Really? If the results are needed urgently, they are processed
urgently. If not needed urgently, why waste money on processing them
as if they were?


Some blood tests have to be done as soon after taking the blood as
possible, certainly within a few hours. EDTA samples for example.


Of course.

It's the built-in delays of the NHS procedures that takes a week.


Are you saying it costs no more to process such things quickly? Perhaps
you'd have someone standing by to rush it to the lab, then wait for the
results, and rush them back?


When you are in hole stop digging.

Once the specimen has arrived in the lab and been through what ever
admin procedures are particular to that lab, then
'Simple' blood tests like Full Blood count, Urea& electrolytes,
etc etc take as long as the American Beckman-Coulter counter
takes to process the sample. The Coulter counter model S(*) which
every larger path lab had in the 1970s, took about 40 seconds to
process the sample and another 20 seconds to stamp the results
onto the multi-part 'NCR' request form, part of which was
returned to the requester.

(*) Haemoglobin, red Cell Count, White Cell count, Mean red cell
volume, Haematocrit and two calculated indices.

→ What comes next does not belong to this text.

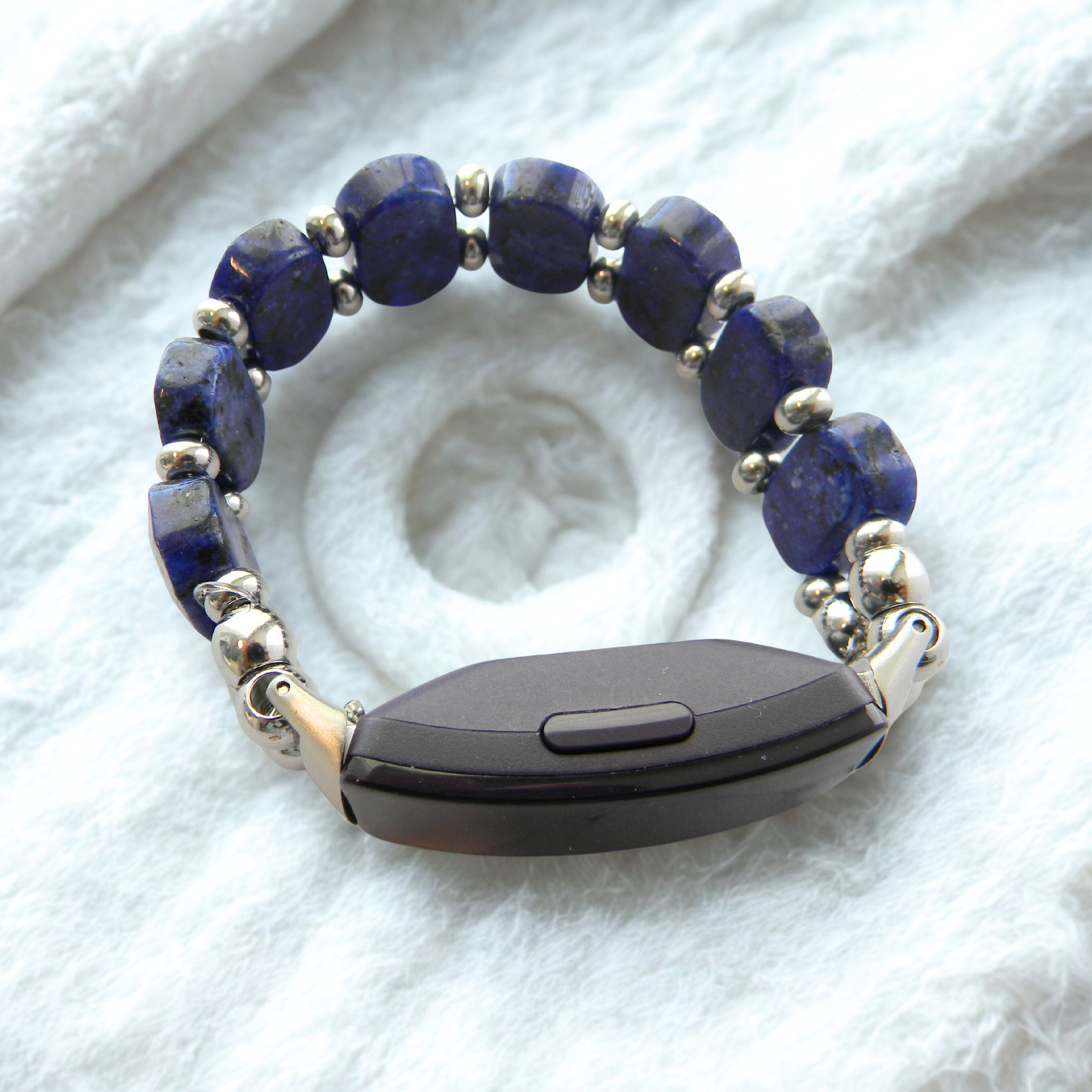 Lapis Lazuli Watch Band for FitBit Inspire 3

Some tests take a lot longer because a lot more manual intervention
is needed. Some are deliberately delayed so a batch of tests can
be done in one go. Some may have to be sent away to a larger hospital
that has the analytical equipment to do the test. Plenty of lab tests
(?most) are not life-critical, so it doesn't matter a jot if it can be
done the same day or within a couple of weeks. Clotted samples that have
to be spun down to remove the serum can be frozen almost indefinately in
a -20C or -60 C freezer.

If the patient is in A&E or an inpatient the results of the
life-critical tests are available within 30 minutes or less if
that hospital has a path lab on site (which all A&E sites will
have).


Of course again. Anything else would be stupid.